**SUPPLIED ENTRIES**
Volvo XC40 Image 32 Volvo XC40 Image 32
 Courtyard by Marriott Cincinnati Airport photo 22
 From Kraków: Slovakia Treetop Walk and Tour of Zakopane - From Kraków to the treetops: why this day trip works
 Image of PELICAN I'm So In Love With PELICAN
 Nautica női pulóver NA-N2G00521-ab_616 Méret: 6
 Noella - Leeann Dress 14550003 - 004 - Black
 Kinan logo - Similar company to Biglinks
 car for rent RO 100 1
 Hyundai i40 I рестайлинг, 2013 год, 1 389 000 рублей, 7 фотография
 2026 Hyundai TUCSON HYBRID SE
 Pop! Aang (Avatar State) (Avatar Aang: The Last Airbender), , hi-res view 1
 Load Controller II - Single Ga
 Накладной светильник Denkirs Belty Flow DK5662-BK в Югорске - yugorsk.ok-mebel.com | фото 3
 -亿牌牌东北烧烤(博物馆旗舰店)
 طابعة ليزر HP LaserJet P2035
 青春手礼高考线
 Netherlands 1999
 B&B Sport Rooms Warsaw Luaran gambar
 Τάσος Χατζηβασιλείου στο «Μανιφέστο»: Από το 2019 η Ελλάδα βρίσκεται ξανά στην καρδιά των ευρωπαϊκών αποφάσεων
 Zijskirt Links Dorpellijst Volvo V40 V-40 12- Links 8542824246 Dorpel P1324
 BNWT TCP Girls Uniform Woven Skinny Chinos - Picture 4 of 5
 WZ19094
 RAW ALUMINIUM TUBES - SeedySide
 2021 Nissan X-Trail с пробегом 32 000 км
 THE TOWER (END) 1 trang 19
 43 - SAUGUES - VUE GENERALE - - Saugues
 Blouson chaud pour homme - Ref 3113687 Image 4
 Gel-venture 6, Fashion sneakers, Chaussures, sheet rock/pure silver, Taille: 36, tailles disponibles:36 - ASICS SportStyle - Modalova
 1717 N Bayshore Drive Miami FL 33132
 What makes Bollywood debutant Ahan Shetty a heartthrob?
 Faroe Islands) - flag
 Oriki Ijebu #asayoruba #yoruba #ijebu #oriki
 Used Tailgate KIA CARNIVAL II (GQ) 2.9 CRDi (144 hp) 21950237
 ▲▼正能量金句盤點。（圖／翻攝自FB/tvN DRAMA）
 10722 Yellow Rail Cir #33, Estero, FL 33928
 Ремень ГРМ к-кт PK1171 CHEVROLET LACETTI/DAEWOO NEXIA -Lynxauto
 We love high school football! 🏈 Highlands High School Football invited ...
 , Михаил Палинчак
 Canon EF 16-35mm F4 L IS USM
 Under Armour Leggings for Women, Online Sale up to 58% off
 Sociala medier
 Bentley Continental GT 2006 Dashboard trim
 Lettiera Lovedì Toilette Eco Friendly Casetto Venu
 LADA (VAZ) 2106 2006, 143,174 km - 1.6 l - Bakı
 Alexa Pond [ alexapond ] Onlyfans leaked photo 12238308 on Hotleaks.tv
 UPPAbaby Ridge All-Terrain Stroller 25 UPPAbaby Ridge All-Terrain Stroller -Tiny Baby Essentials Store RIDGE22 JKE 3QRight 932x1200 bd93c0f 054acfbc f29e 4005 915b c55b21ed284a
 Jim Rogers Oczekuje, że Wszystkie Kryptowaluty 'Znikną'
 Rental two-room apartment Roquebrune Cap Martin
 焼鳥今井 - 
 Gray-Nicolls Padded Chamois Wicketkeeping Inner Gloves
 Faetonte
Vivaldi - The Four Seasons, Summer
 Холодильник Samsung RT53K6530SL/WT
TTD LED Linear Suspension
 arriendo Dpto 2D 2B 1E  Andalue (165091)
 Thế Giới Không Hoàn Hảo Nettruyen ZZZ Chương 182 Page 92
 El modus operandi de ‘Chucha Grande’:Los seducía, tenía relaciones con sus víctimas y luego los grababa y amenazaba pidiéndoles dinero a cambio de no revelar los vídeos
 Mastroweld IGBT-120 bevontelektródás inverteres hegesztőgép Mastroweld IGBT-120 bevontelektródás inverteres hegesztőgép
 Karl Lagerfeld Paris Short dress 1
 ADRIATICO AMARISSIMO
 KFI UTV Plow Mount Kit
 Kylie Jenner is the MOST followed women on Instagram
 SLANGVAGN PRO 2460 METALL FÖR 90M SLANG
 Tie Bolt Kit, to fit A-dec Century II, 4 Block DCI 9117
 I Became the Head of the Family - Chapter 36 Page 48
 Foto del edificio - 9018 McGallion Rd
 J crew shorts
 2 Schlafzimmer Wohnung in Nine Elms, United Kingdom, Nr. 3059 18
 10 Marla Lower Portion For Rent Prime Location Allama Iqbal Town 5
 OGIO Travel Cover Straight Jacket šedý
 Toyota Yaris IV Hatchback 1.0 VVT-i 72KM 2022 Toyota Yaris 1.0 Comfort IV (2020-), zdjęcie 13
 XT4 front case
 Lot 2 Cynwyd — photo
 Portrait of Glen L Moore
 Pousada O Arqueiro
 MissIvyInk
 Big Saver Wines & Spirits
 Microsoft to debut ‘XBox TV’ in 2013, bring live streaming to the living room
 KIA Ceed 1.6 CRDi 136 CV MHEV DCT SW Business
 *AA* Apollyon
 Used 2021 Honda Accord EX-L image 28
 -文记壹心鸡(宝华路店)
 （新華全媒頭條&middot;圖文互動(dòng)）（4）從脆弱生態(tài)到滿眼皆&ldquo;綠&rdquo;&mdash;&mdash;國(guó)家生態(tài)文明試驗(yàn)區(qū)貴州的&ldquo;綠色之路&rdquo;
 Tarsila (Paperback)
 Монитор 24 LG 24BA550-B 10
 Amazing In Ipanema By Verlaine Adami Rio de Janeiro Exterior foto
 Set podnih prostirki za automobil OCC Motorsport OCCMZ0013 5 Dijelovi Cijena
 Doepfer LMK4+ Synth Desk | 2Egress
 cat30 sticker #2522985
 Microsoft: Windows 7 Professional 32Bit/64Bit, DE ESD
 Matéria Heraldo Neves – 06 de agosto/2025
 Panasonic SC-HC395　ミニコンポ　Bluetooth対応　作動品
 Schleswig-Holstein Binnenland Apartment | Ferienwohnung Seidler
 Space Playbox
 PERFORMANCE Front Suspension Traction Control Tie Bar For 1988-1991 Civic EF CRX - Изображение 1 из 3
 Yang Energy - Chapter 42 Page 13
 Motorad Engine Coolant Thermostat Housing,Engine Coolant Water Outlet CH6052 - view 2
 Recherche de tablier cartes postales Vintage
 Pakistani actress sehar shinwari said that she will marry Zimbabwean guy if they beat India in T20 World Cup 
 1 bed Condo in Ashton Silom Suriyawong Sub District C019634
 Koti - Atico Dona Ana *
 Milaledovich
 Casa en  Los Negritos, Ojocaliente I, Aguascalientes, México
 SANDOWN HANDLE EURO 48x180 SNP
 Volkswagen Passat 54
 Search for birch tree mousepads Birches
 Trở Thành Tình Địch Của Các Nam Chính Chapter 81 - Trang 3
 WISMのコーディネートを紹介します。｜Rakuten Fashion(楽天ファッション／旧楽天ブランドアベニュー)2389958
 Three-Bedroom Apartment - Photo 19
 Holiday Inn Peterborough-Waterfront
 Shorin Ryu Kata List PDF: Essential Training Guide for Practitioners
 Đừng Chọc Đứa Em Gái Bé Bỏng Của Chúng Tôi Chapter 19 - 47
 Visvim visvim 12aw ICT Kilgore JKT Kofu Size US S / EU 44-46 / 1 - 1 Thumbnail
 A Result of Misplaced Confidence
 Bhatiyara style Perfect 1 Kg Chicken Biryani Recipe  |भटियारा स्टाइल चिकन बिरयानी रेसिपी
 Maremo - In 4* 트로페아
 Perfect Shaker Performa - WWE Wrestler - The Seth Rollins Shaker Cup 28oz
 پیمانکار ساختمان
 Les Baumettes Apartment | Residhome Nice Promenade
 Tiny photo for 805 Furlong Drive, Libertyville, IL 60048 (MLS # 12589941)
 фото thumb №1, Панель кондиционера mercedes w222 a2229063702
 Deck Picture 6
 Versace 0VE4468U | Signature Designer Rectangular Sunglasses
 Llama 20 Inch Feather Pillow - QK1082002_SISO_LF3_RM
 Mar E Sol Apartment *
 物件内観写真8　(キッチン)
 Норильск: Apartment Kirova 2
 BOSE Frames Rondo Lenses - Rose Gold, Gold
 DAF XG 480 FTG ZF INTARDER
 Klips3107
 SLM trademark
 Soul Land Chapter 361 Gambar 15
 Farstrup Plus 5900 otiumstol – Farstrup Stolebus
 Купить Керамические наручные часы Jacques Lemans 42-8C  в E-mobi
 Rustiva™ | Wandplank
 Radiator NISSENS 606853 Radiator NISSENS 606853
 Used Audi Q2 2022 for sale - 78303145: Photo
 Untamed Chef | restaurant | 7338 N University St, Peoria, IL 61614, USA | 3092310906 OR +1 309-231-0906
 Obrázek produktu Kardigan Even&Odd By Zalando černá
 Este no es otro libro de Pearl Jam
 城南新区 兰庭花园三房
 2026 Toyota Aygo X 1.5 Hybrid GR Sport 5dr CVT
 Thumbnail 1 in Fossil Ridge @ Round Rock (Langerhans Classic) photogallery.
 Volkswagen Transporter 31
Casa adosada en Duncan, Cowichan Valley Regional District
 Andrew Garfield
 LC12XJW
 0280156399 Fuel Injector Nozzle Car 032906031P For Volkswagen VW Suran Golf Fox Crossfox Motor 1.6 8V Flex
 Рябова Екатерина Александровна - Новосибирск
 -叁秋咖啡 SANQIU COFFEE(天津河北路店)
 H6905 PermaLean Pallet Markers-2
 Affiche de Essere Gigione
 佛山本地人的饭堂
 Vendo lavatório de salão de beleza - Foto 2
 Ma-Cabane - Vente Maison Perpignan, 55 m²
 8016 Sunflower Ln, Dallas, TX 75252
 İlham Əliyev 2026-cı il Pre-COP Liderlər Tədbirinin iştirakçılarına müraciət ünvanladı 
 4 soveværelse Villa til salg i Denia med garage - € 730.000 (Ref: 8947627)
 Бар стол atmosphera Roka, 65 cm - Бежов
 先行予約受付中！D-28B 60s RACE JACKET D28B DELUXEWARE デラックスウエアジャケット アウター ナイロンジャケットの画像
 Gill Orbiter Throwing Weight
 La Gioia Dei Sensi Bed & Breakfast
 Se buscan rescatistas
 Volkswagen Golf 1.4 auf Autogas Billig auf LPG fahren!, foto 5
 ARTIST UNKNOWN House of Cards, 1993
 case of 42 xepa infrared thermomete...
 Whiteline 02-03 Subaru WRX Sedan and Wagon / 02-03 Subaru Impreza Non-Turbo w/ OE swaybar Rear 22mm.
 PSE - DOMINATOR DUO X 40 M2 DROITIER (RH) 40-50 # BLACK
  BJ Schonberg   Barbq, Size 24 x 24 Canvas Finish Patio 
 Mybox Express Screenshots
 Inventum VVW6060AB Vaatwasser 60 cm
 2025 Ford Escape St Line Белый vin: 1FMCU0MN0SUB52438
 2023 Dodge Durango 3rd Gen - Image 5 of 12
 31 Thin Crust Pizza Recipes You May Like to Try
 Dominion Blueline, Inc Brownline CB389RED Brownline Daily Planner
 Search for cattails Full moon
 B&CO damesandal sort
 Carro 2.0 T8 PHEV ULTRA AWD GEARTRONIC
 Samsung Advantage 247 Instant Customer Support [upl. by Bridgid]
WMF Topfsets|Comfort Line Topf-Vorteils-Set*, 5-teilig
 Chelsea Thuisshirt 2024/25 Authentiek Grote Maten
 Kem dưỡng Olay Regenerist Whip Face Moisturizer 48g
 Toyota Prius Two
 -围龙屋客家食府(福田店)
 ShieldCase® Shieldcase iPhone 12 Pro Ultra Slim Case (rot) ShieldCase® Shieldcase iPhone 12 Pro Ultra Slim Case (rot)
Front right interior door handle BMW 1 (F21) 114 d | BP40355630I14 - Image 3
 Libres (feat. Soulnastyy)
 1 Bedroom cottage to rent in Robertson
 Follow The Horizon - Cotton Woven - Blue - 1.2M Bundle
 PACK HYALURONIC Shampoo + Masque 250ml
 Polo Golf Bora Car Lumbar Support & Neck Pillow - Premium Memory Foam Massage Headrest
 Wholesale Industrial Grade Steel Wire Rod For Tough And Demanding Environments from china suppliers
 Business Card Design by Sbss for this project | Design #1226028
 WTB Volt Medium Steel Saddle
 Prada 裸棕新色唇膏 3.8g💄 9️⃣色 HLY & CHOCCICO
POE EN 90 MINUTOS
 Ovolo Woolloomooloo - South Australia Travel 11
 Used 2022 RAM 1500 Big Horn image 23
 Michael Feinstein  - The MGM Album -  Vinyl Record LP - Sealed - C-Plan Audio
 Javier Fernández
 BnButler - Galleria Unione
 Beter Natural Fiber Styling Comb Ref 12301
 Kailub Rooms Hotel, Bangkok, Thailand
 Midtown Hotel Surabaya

**TASK BRIEF**
Copy back the listing above exactly, but only from the line with "H6905 PermaLean Pallet Markers-2" through the line with "PSE - DOMINATOR", both ends included.

**RESPONSE TO THE EXERCISE**
 H6905 PermaLean Pallet Markers-2
 Affiche de Essere Gigione
 佛山本地人的饭堂
 Vendo lavatório de salão de beleza - Foto 2
 Ma-Cabane - Vente Maison Perpignan, 55 m²
 8016 Sunflower Ln, Dallas, TX 75252
 İlham Əliyev 2026-cı il Pre-COP Liderlər Tədbirinin iştirakçılarına müraciət ünvanladı 
 4 soveværelse Villa til salg i Denia med garage - € 730.000 (Ref: 8947627)
 Бар стол atmosphera Roka, 65 cm - Бежов
 先行予約受付中！D-28B 60s RACE JACKET D28B DELUXEWARE デラックスウエアジャケット アウター ナイロンジャケットの画像
 Gill Orbiter Throwing Weight
 La Gioia Dei Sensi Bed & Breakfast
 Se buscan rescatistas
 Volkswagen Golf 1.4 auf Autogas Billig auf LPG fahren!, foto 5
 ARTIST UNKNOWN House of Cards, 1993
 case of 42 xepa infrared thermomete...
 Whiteline 02-03 Subaru WRX Sedan and Wagon / 02-03 Subaru Impreza Non-Turbo w/ OE swaybar Rear 22mm.
 PSE - DOMINATOR DUO X 40 M2 DROITIER (RH) 40-50 # BLACK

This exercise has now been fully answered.